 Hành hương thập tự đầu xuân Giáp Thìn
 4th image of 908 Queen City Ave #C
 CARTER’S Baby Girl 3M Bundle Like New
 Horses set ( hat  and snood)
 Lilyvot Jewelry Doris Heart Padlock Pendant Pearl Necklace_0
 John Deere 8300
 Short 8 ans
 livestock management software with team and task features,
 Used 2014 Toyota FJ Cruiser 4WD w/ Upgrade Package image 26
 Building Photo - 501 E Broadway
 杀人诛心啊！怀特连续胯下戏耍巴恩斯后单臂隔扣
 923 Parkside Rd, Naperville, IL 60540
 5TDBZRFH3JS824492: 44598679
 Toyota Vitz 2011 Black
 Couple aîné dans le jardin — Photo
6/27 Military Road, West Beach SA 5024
------------------------
● TASK TO CARRY OUT
Reply by returning the full set of records above exactly.

● TASK SOLUTION
 Hành hương thập tự đầu xuân Giáp Thìn
 4th image of 908 Queen City Ave #C
 CARTER’S Baby Girl 3M Bundle Like New
 Horses set ( hat  and snood)
 Lilyvot Jewelry Doris Heart Padlock Pendant Pearl Necklace_0
 John Deere 8300
 Short 8 ans
 livestock management software with team and task features,
 Used 2014 Toyota FJ Cruiser 4WD w/ Upgrade Package image 26
 Building Photo - 501 E Broadway
 杀人诛心啊！怀特连续胯下戏耍巴恩斯后单臂隔扣
 923 Parkside Rd, Naperville, IL 60540
 5TDBZRFH3JS824492: 44598679
 Toyota Vitz 2011 Black
 Couple aîné dans le jardin — Photo
6/27 Military Road, West Beach SA 5024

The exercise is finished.